A few weeks ago, the Centre, for its part, decided to give loans amounting to about Rs 44 billion at subsidised interest rates to sugar mills to set up new distilleries and upgrade their existing distilleries.  It remains to be seen how many of the 140 sugar mills, which have distilleries attached to them, opt for this..


The second point of contention is the price fixed for ethanol produced from B-heavy molasses and directly from sugarcane juice.


A section of the industry feels that 1 tonne of sugar diverted usually leads to producing 600 litres of ethanol.


As B-heavy molasses have some amount of sugar left in them, to compensate for the loss of revenue from sugar, ethanol produced from them should be priced 1.5-1.6 times the cost of producing sugar.

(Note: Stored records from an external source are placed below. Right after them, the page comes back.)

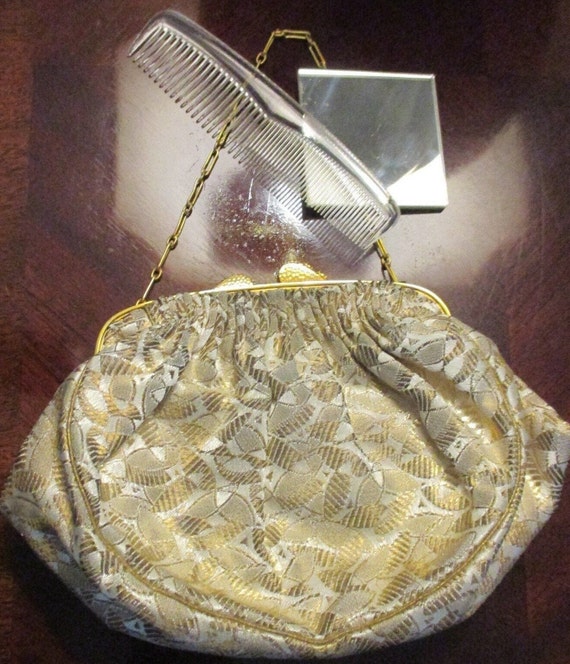 Brocade Evening Bag Gold Wrist Chain Strap Vintag… - image 2
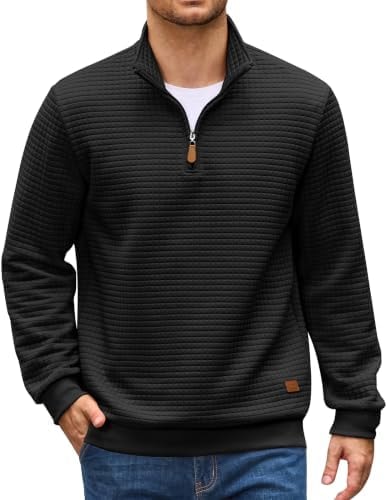 COOFANDY Men's Quarter Zip Pullover Sweatshirts 1/4 Zip Long Sleeve Sweater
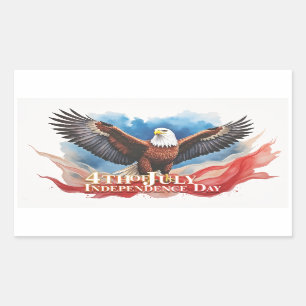 4. Juli-Adler – Patriotisches Kunstdesign Rechteckiger Aufkleber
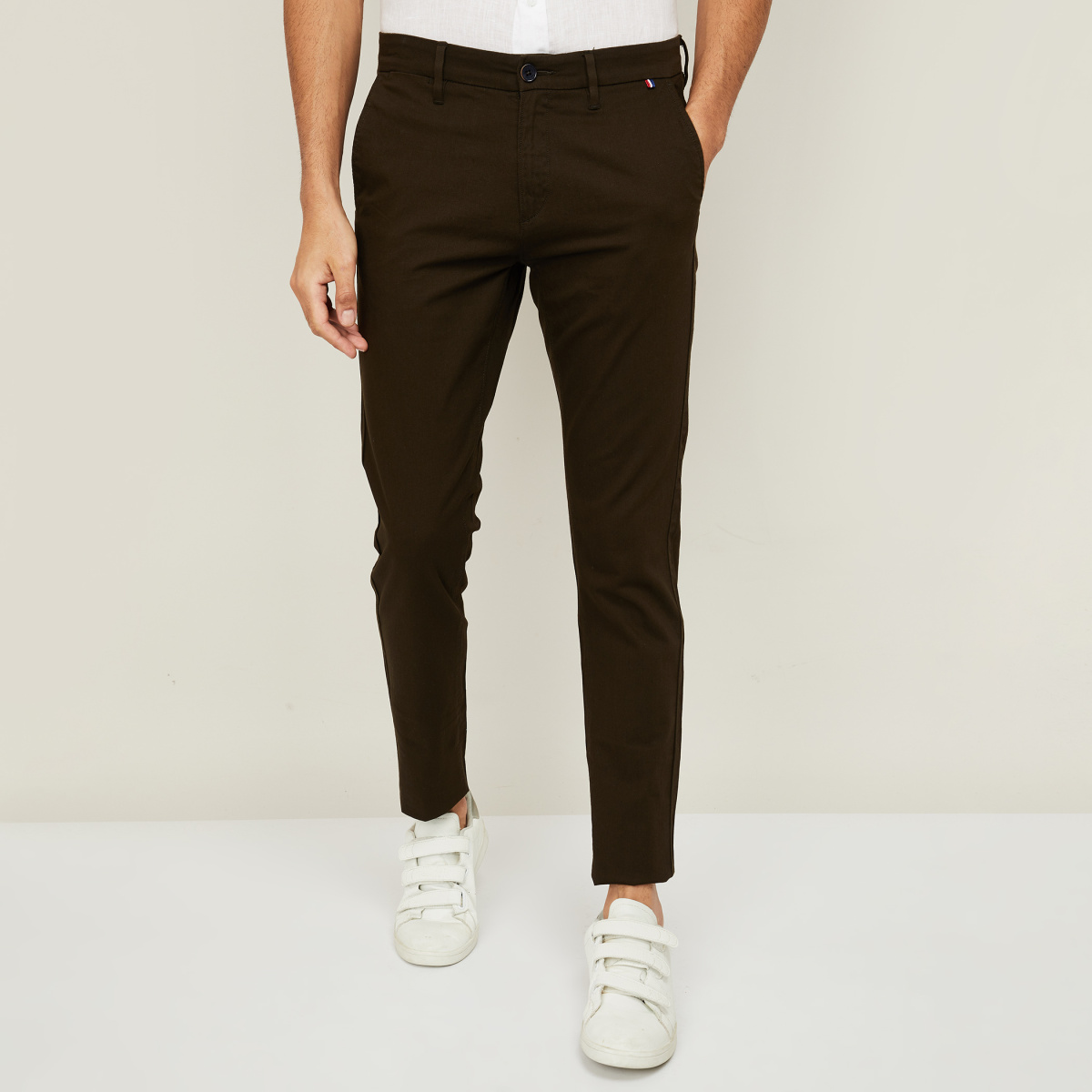 Buy Men Brown Comfort Slim Fit Solid Smart Casual Trousers online   Looksgudin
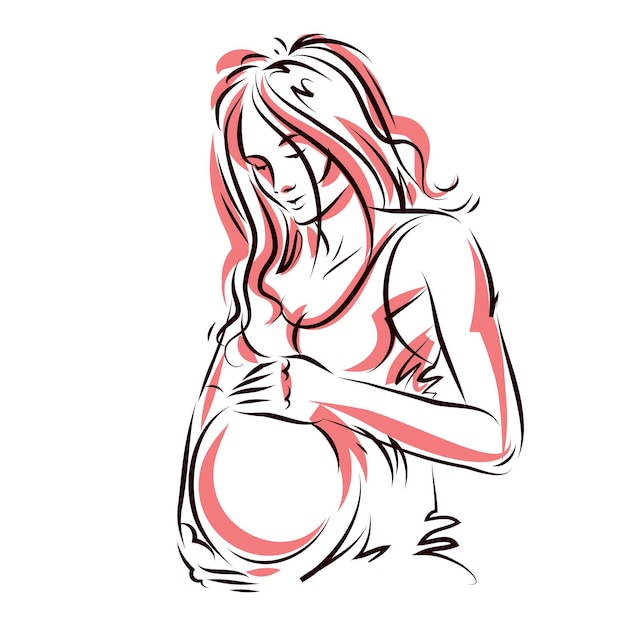 Attractive pregnant woman body silhouette drawing. Vector illustration of mother-to-be fondles her belly. Happiness and caress concept.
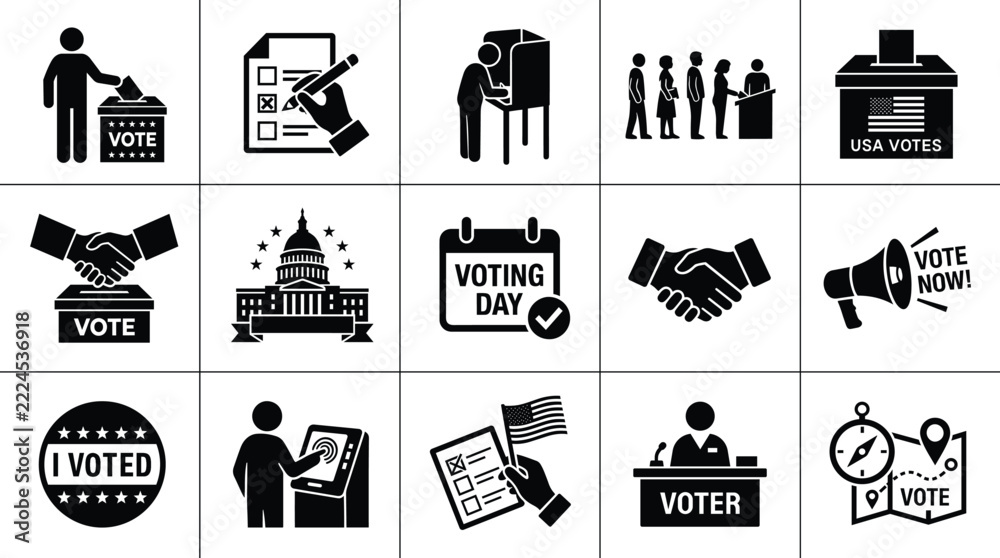 USA election and voting icon set vector ballot box politics and ...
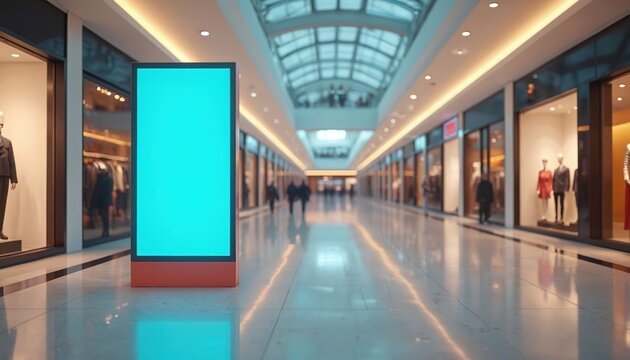 Blank digital signage stands in shopping mall corridor. Empty glowing blue screen mockup for advertising space. Blurred people walk by retail stores with fashion mannequins. Modern commercial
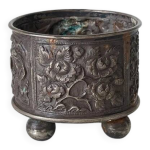 Bo�te � bijoux ancienne en m�tal argent� repouss�, artisanat d asie du sud, vers 1950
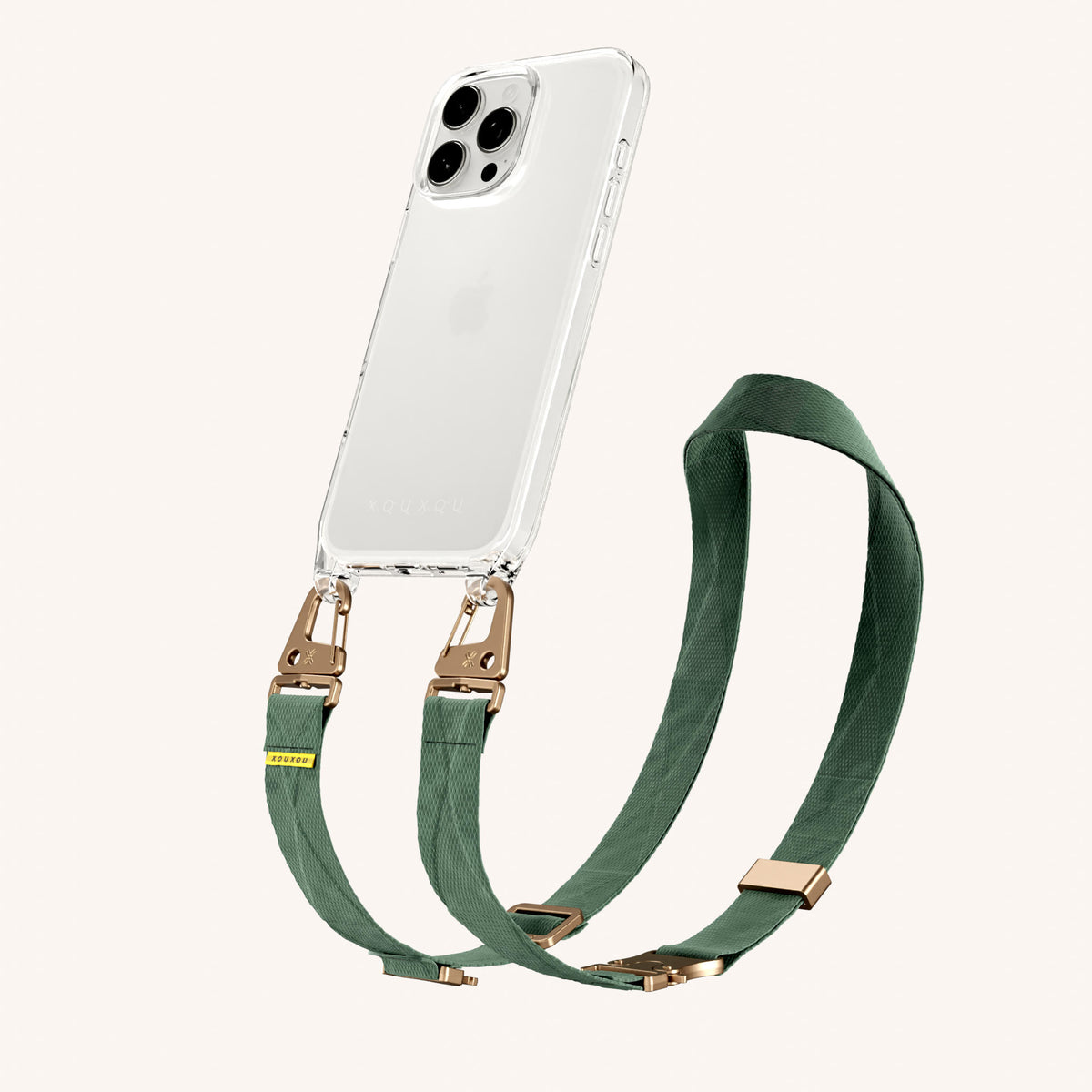 Phone Necklace with Lanyard for iPhone 16 Pro without MagSafe in Clear + Sage | XOUXOU #phone model_iphone 16 pro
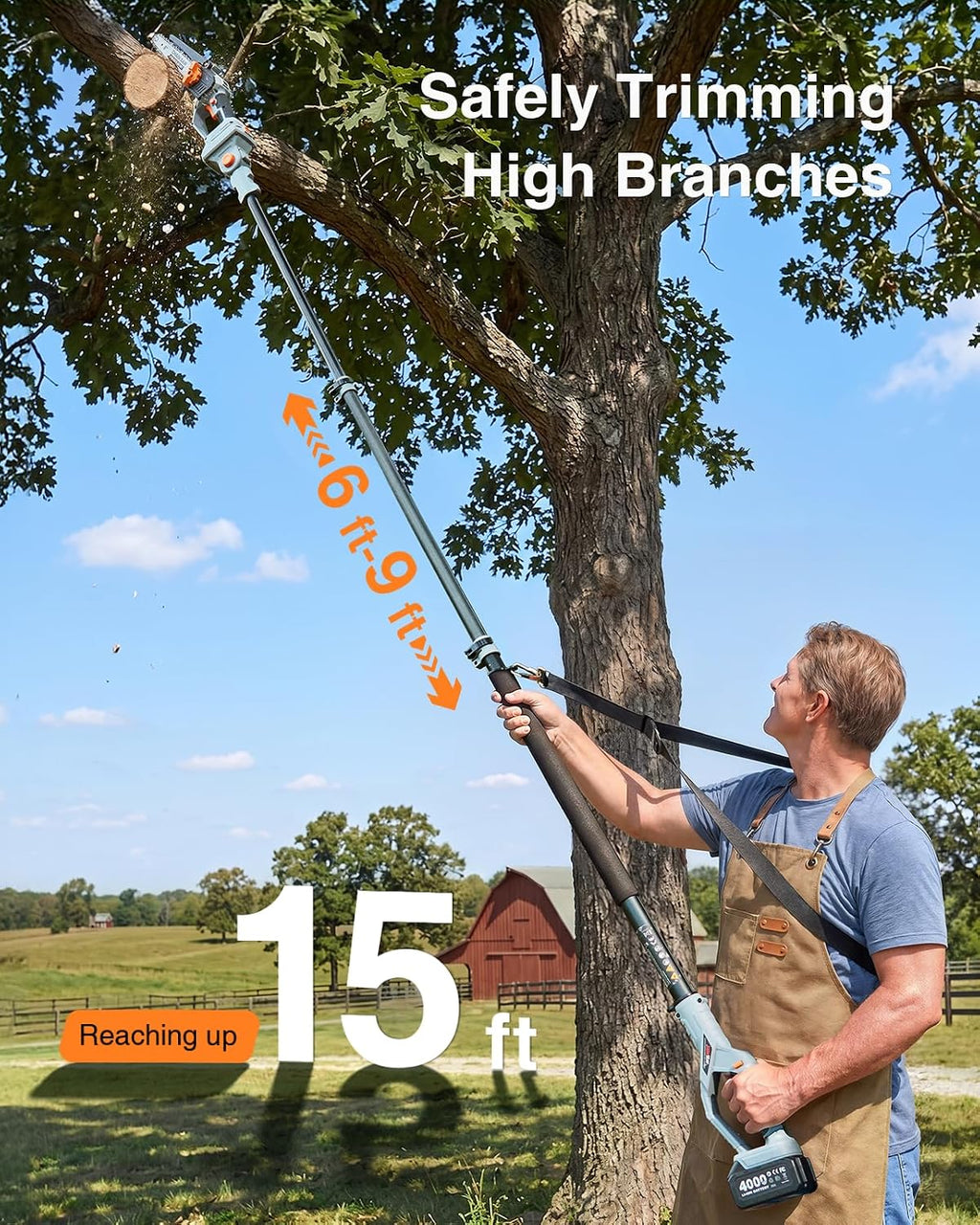 2-in-1 Pole Saw for Tree Trimming, 8-Inch Cordless Brushless Chainsaw with Adjustable Extension Pole, 2×4.0Ah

With the price of ex-mill sugar hovering around Rs 35 a kg, the price of ethanol produced from B-heavy molasses, which have some amount of sugar left in them, should ideally be around Rs 52-53 a litre.


The Centre on Wednesday fixed a procurement price of Rs 47.49 per litre for Oil Marketing Companies for purchasing ethanol produced from B-heavy molasses and sugarcane juice.


However, going forward, it might revise the price if mills convert en masse in producing ethanol from intermediary molasses or B-heavy molasses and directly from sugarcane juice.